Cette synthèse doit absolument voir les masques tomber. Il y a tout d’abord le procès, moment épique où les doutes et les certitudes vacillent constamment, surtout du côté de Marie qui trouve en sa propre mère une sorte de conscience morale.

La séquence de la médiation entre Greg et Marie est un grand moment d’intensité, révélateur des conflits sous-jacents. Lorsqu’ils doivent signer le document divisant leurs actifs, la conversation révèle l’étendue de ce qui les sépare. Greg insiste pour que Marie le lise en entier. Celle-ci lui réplique doucement : « Tu ne peux plus me dire quoi faire, Greg ». Celui-ci, un peu remonté, quitte la séance en lui reprochant de s’être éloigné de la famille de façon inexplicable. Alors, tout aussi calmement, Marie dit au médiateur : « Il y avait des raisons. »

Cependant, la véritable conclusion qui verra la confrontation finale entre Greg et Marie se fait dans l’antichambre du tribunal, à l’abri des regards. Malgré sa victoire, Marie doit encore avouer à Greg la paternité de Laura. En proposant une solution de partage raisonnable, elle restitue à Greg son rôle de père et de mari aimant. De manière très émouvante, ils se remémorent tous les deux leur vie de famille passé et constatent les ruines de leurs mariage. Dans un montage parallèle où il nous est donné à voir les images touchantes des moments heureux, notamment celles qui correspondents au bonheur de leur mariage, ils en conviendront « Nous avons tous les deux perdus ». 

Danny Brocklehurst 

Conclusion

Danny Brocklehurst propose avec « Come Home” une nouvelle forme de mélodrame, un genre dont certains pouvaient à tort croire qu’il n’avait plus rien d’intéressant ni d’innovant à raconter. En proposant une nouvelle approche, autant sur la forme que sur le fond, Danny Brocklehurst propose une histoire dense et profonde dont on ne sort pas indemne. Sur le fond, parce qu’en approfondissant les fêlures respectives de ses deux protagonistes, le réalisateur prend le spectateur à partie à chaque minute. Il balaie les figures stéréotypées qui sacrifient au manichéisme en faveur d’une audace psychologique qui décortique chaque personnage jusque dans ses recoins les plus inavouables. Sur la forme, parce qu’il y a aussi de l’audace à montrer successivement les parcours et à remettre ainsi en cause les idées reçues qu’on pensait indéboulonnables aux premiers abords. Il s’appuie pour cela sur ses deux interprètes, époustouflants : Christopher Eccleston et Paula Malcolmson. Enfin, le final révèle une écriture d’une intelligence rare et d’une pudeur extrême. 

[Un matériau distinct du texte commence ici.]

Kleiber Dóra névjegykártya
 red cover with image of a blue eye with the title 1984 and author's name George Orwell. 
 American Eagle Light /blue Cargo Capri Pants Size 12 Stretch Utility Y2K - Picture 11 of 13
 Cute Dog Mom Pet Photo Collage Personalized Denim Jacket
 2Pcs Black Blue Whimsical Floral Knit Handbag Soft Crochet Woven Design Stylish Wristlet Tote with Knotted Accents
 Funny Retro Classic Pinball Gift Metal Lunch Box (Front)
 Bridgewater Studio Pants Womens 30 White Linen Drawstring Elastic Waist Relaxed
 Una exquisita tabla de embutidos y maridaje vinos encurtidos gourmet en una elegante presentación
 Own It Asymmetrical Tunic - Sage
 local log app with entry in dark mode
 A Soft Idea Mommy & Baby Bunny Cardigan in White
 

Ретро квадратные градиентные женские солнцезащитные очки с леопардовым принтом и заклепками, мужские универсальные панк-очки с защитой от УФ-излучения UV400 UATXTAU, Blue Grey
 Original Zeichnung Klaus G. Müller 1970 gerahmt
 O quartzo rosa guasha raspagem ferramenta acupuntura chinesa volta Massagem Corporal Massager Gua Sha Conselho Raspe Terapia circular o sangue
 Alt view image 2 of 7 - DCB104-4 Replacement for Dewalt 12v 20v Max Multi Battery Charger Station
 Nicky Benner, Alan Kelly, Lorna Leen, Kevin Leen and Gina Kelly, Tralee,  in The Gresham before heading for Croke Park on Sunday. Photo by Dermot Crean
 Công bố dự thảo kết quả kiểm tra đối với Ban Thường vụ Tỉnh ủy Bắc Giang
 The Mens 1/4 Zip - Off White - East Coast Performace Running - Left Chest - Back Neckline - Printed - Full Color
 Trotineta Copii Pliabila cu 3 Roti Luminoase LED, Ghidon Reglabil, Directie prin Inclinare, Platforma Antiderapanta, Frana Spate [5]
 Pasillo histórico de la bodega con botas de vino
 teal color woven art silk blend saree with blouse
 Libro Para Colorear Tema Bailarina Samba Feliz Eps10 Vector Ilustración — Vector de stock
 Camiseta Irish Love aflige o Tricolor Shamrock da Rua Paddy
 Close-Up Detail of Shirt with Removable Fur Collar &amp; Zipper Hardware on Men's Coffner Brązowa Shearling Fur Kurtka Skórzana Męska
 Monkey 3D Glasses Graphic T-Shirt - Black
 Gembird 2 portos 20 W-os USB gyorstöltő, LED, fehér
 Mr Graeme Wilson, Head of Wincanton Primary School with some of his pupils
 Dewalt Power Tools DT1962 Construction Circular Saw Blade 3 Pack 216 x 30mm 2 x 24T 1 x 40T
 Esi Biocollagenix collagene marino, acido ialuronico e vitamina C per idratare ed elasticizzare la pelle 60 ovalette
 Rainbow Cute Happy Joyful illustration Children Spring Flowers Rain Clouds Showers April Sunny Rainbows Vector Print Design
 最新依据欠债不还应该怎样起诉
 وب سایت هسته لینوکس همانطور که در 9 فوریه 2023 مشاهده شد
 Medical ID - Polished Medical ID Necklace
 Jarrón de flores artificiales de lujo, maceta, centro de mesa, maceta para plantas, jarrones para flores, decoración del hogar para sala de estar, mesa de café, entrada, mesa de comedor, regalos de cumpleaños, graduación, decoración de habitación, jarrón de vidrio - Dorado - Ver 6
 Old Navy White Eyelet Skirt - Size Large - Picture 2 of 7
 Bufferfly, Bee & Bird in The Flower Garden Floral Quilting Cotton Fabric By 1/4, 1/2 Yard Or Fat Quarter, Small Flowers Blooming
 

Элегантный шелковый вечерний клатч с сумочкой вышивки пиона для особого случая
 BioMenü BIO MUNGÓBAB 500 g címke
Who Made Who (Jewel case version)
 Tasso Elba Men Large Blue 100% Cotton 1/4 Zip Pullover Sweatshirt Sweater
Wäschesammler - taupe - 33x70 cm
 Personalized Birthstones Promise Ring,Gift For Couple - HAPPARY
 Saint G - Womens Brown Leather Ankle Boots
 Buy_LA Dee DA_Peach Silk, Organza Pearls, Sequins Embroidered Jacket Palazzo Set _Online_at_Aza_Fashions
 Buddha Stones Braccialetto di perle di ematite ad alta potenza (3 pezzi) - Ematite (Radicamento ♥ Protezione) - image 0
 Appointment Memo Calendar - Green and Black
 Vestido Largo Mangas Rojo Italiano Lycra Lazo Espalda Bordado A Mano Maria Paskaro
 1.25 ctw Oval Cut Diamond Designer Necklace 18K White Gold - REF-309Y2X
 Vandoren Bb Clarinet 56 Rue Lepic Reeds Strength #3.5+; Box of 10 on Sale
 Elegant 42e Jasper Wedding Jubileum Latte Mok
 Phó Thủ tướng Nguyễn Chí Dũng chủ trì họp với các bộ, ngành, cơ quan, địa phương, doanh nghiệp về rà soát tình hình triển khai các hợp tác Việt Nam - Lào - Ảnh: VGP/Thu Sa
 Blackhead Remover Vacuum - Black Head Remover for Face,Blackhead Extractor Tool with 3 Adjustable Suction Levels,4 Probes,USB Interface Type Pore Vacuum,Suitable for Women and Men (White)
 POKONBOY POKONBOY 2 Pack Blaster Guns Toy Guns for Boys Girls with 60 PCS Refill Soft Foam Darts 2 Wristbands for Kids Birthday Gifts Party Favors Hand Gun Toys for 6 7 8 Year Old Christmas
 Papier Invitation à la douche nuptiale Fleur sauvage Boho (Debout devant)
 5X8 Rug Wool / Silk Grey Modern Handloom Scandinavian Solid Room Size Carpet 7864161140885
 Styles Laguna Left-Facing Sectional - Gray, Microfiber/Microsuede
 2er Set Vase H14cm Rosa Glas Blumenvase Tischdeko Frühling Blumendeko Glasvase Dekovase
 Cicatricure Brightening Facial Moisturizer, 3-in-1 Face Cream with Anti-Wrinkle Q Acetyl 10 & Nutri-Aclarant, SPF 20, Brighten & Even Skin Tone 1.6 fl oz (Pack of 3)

« Come Home » nous enseigne de quelle façon une relation peut être perçue et vécue différemment par chacune des deux personnes, tout en déconstruisant une certaine vision de la parentalité moderne. Rarement, une réflexion sur les déchirements d’un couple aura constitué à mes yeux une démonstration aussi subtile et complexe. En creux, je l’ai dit, il constitue un enseignement inédit sur les ambitions que chacun doit porter à sa propre vie sentimentale.